Cut It Out: Feminist Collage Artist Liz Peniazeva's Queer Contact Relations
We’re swept up in the disarticulation.
Liz Peniazeva, photographed by Tim Da Rin.
It was 38 years ago, in 1979, that conceptual artist Judy Chicago unveiled her seminal feminist art piece, “The Dinner Party,” at the San Francisco Museum of Modern. Dinner Party functions as a symbolic history of women in Western civilization, and, crucially, it signaled the beginning of a movement to reclaim “traditionally female” art practices – in Chicago’s case, embroidery and stitch work were transformed from indexical traces of domestic oppression into puncturing reminders of the different ways in which herstory has been recorded.

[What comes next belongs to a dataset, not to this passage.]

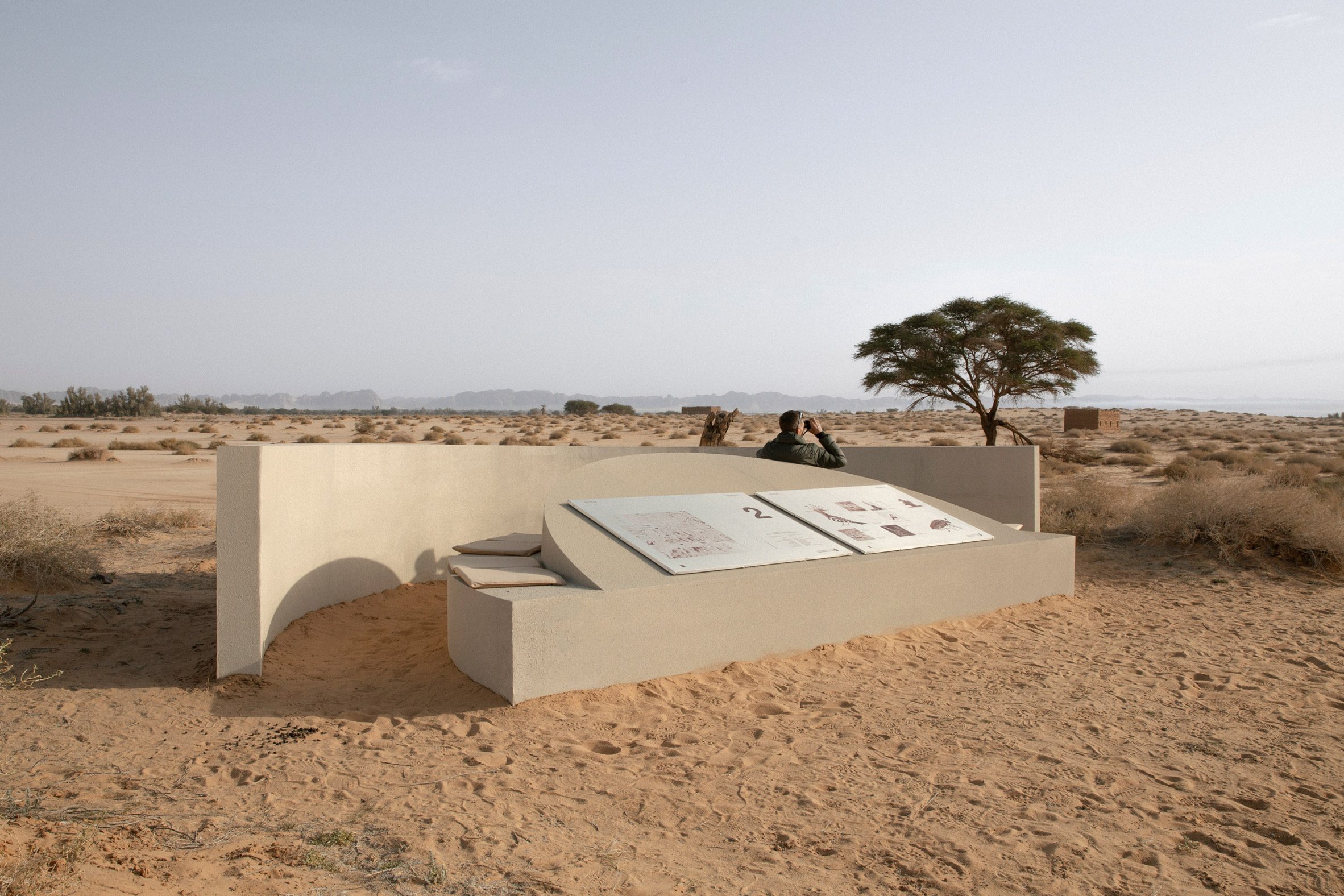 Hegra Viewpoints AlUla desert by Clover Studio — A cream-rendered concrete structure with curved walls anchors the desert landscape, its billowing white fabric canopy tensioned overhead.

While men had pens, women had needle and thread.
Judy Chicago's "The Dinner Party"
Fast forward almost four decades, and the pioneering work that Chicago was doing remains vitally relevant—"The Dinner Party" currently resides in Brooklyn Museum’s collection and has done since 2002. As women’s bodily and reproductive autonomy continues to be cast as an issue that is somehow up for debate, sexual assault is almost inevitably paired with slut-shaming, and sex workers struggle to retain even minimal legal rights, art that severs traditional expectations of women and the female body is not just beneficial, but necessary.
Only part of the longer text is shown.